Bellisle was about to give up hope when he was discovered by a band of Indians looking for birds’ eggs. The Indians handled him roughly, taking his canoe and tearing off his clothes. They made him a cross between a slave and a jester, but at least they fed him, and took him with them on their wanderings.

The band had no permanent home but wandered about living on deer and buffalo and "wild potatoes" dug by the women. Bellisle was forced to run, still naked and barefoot, ahead of the horses, and he was beaten if he did not run fast enough.

On the occasion the band happened upon a native of their tribe, whom they killed and cannibalized. One man cut off the head, others the arms and legs, and then the torso was skinned. The savages ate the flesh raw, down to the bones.

Bellisle later wrote that he would have been killed and eaten except for and old widow asking for him as a husband. His lot was no different. He was still a slave, but at least he alive.

He constantly asked his savage captors to free him, but this simply caused them to laugh hugely. During one period of their wanderings, Bellisle heard that they were near the place with the white chief. In despair he wrote a letter on a piece of smooth bark with charcoal ink, asking to be rescued. He asked his captors to deliver the letter to the white chief, but they simply regarded it as a curiosity, passing it from individual to individual and even showing it to other savages of their ilk when they met.

In this way the message found its way to a tribe which was in was communication with the French fort at Natchitoches, and the letter was delivered to the commandant, Louis Juchereau de St.
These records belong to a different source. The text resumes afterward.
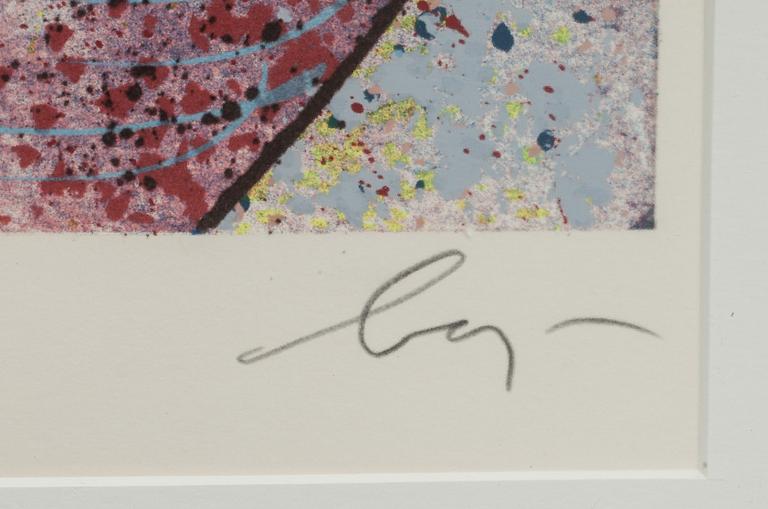 ENRICO BAJ, färglitografi, signerad och numrerad VIII/L.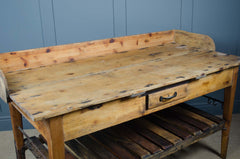 antique kitchen island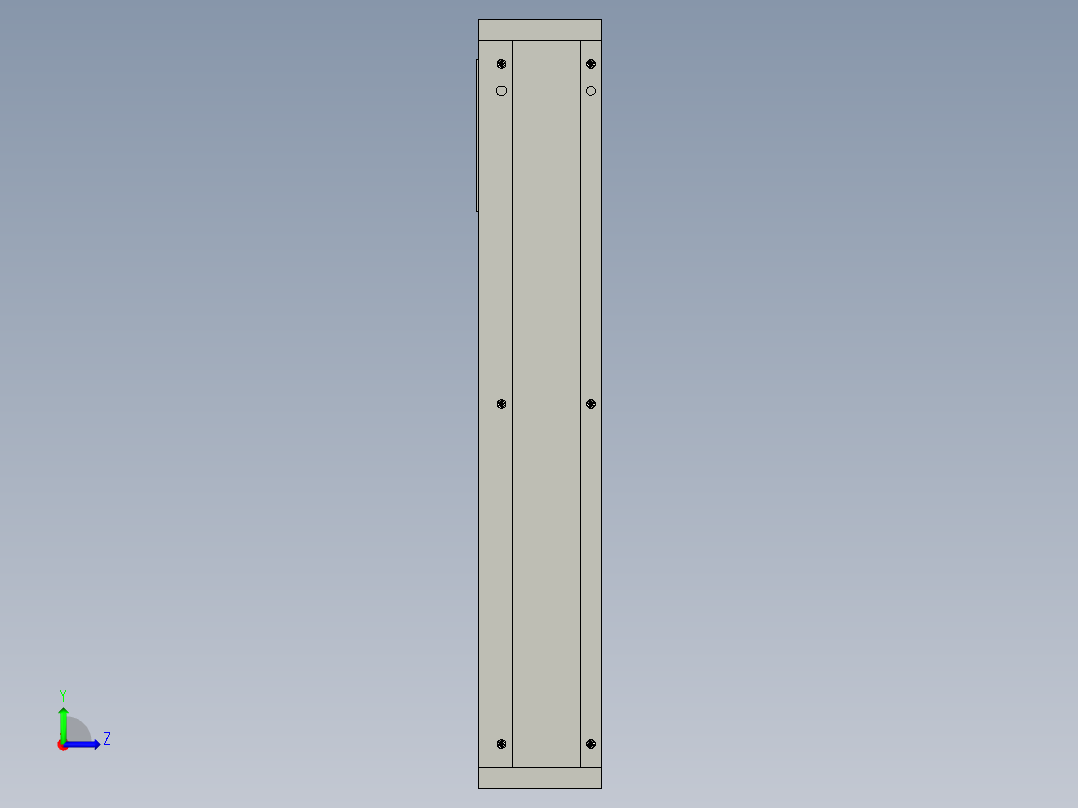 SLIDE 无杆气缸-PSG左视图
Denis.

St. Denis sent two warriors to bring the captive to him. Bellisle was found and eventually, after some delay, arrived at Natchitoches, bearded and in tattered garments. The date was February 10, 1721. He had survived in the wilderness for two years.

After recuperating at Natchitoches, Bellisle returned to New Orleans, where he took service under Governer Bienville. He participated in a number of expeditions and excursions and finally developed a plantation near New Orleans. He was even elected to the Superior Council. When Louisiana was ceded to Spain, however, he returned to France, where he died in 1763 at the age of 68.

After his return to civilization Bellisle wrote a "Relation," describing his adventures in the wilderness. Unfortunately, he never had any clear idea of where these adventures took place. The Indian band which captured him has been identified as the Attakapas, although that is far from certain. During Bellisle’s time the Attakapas nation centered around three river valleys: the Vermilion, the Mermentau, and the Calcasieu. Smaller bands were centered on Bayou Choupique, Bayou Nezpique, and Eagle Creek.